Should Sony Listen to Calls to Split the Company This Time?
As the activist investor Daniel Loeb changes his tune on film and TV studios, he urges the Japanese conglomerate to spin off assets and focus on building a "New Sony" with its "undervalued" content business at the center.
For the second time in six years, Dan Loeb and his activist hedge fund, Third Point, are calling on Sony Corp. to spin off assets in an effort to boost rewards for investors saddled with shares of a complicated media giant that is underappreciated on Wall Street.
It's not entirely deja vu, though. Last time, Third Point encouraged the Japanese conglomerate to jettison its "bloated" entertainment assets, but now it is bullish on that business and wants it to be the focus of a "New Sony."
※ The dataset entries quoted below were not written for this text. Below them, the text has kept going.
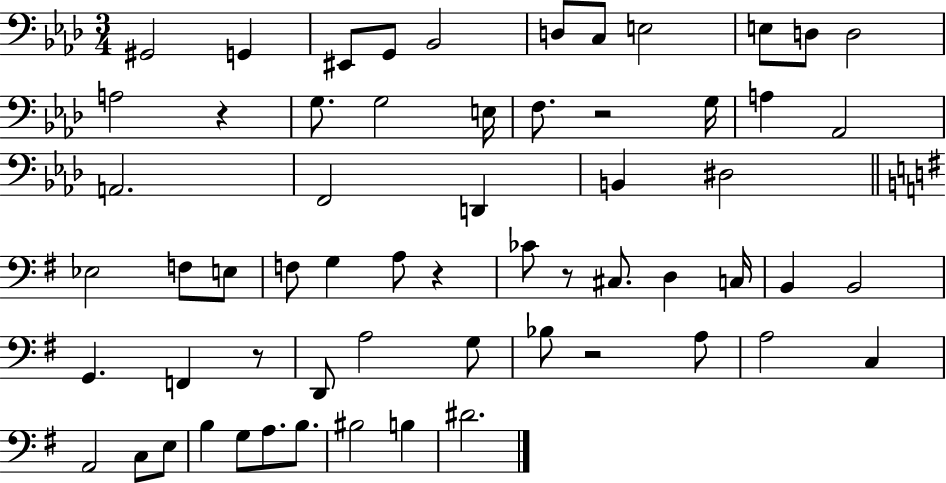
X:1
T:Untitled
M:3/4
L:1/4
K:Ab
^G,,2 G,, ^E,,/2 G,,/2 _B,,2 D,/2 C,/2 E,2 E,/2 D,/2 D,2 A,2 z G,/2 G,2 E,/4 F,/2 z2 G,/4 A, _A,,2 A,,2 F,,2 D,, B,, ^D,2 _E,2 F,/2 E,/2 F,/2 G, A,/2 z _C/2 z/2 ^C,/2 D, C,/4 B,, B,,2 G,, F,, z/2 D,,/2 A,2 G,/2 _B,/2 z2 A,/2 A,2 C, A,,2 C,/2 E,/2 B, G,/2 A,/2 B,/2 ^B,2 B, ^D2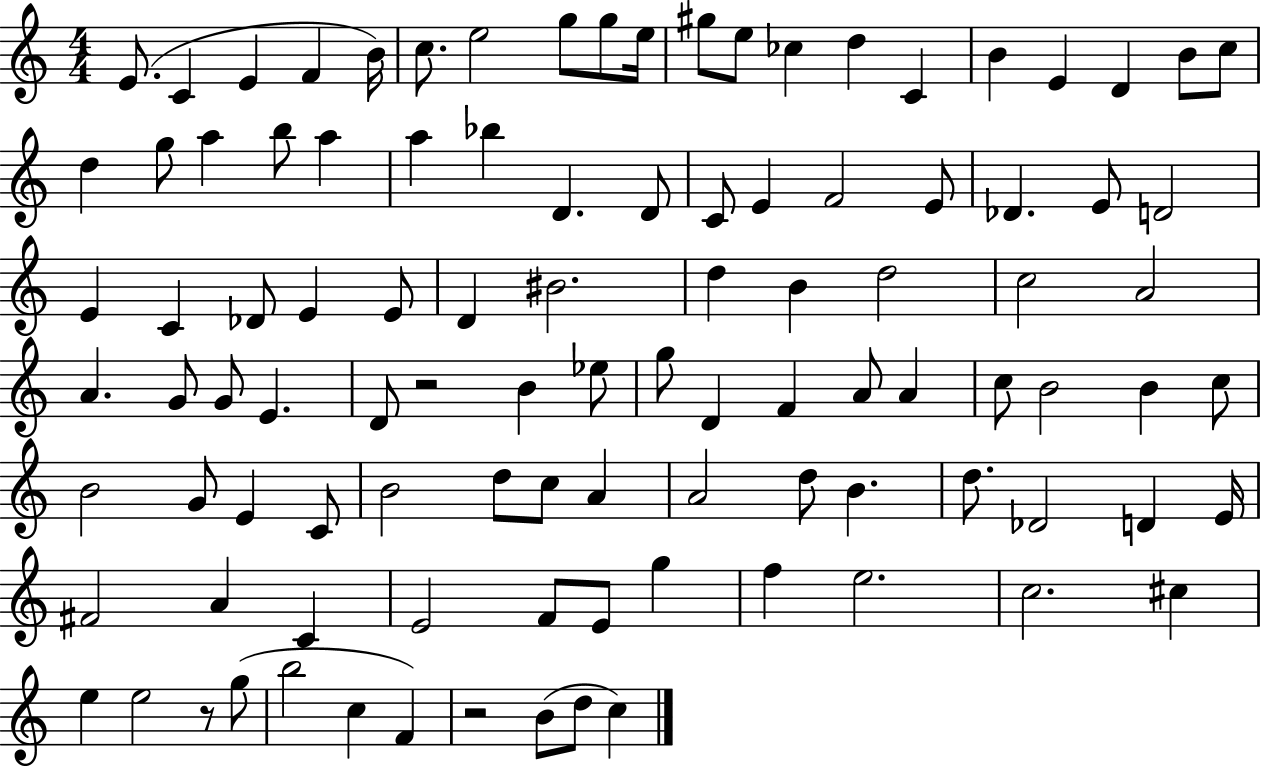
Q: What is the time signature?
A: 4/4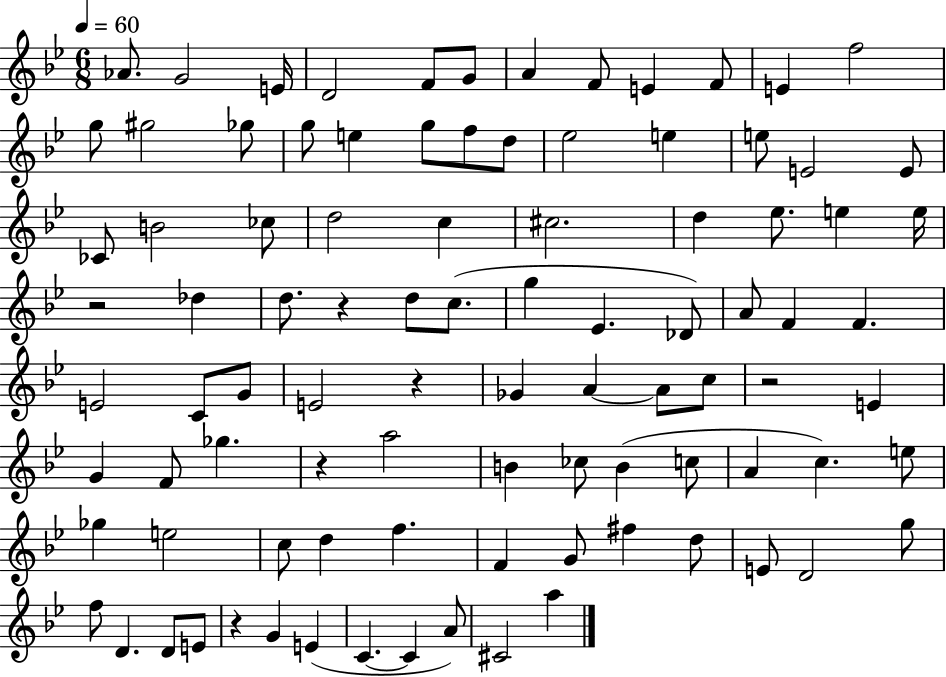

Sony "is one of the most undervalued large cap businesses in the world today," trading at about eight times earnings while competitors are north of 12, Third Point argues in an open letter dated June 13. Third Point previously invested in Sony in 2013, and Loeb's activism back then drew the ire of George Clooney, who accused of him of being a "carpetbagger" who was trying to manipulate the stock.
Third Point sold its position within two years (presumably for a small profit) but has amassed $1.5 billion in shares since then, about 10 percent of Third Point's roughly $15 billion portfolio.
In Third Point's public presentation, Loeb praises Sony CEO Kenichiro Yoshida for a "dramatic transformation" at the company he has led since April 2018, then advises him to spin off Sony's strong semiconductor business and list it in Japan where it could be worth $35 billion in five years, while Sony's entire market cap on the New York Stock Exchange is at $63 billion.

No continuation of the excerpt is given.